Anche tre anni per diagnosticare con precisione l’emicrania nei bambini. Se n’è discusso a Capri nell’ambito dei seminari della Scuola di pediatria dedicata al mal di testa e organizzata da Paidòss, l’Osservatorio Nazionale sulla salute dell’infanzia e dell’adolescenza. Tra gli under 12 quasi un bambino su dieci soffre di questa forma di cefalea.

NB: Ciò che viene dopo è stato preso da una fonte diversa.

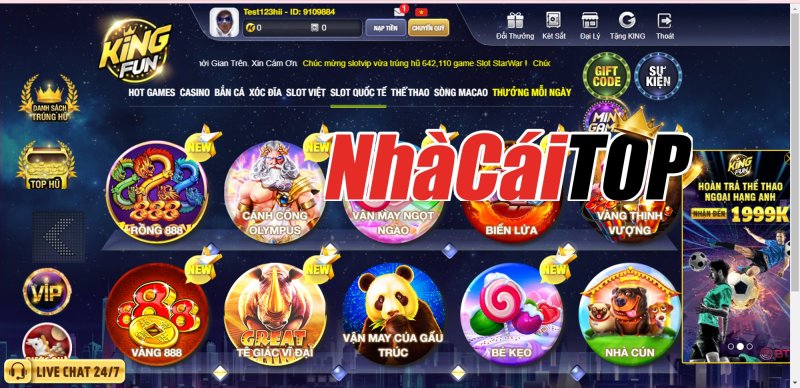 Slot Quốc tế cổng game bài đổi thưởng Kingfun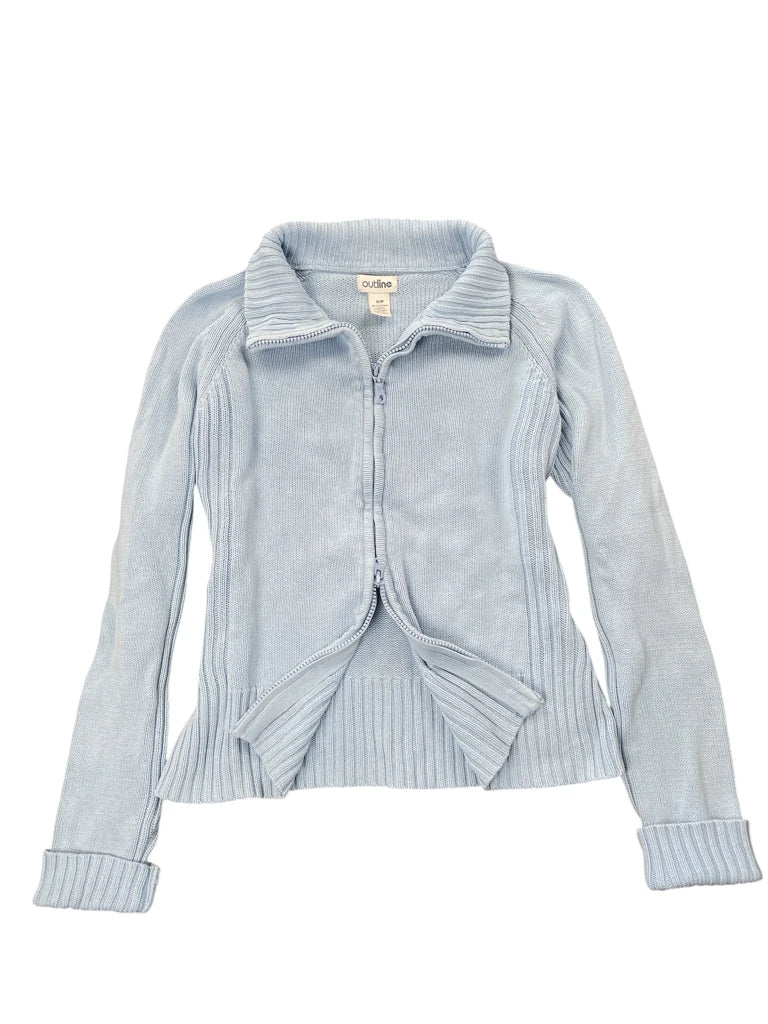 Turquoise Knit Zip-Up Cardigan (S)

In media si impiegano venti mesi per scoprire questo disturbo, con punte anche più alte. In questo lasso di tempo ci si rivolge spesso ai medici sbagliati sottoponendo a stress il piccolo paziente. «Il bambino spesso non lamenta il dolore, il mal di testa, ma una serie di disturbi, dal vomito immotivato al torcicollo, che naturalmente allarmano i genitori e che li spingono a rivolgersi a nutrizionisti, fisioterapisti, ma non immediatamente a uno specialista», spiega il dottor Vincenzo Tullo, specialista neurologo e responsabile dell’Ambulatorio sulle cefalee di Humanitas LAB. «È giusto fare degli esami per escludere altre patologie ma spesso questi disturbi possono essere diagnosticati correttamente come precursori dell’emicrania o equivalenti emicranici: il bambino, da grande, probabilmente soffrirà di emicrania».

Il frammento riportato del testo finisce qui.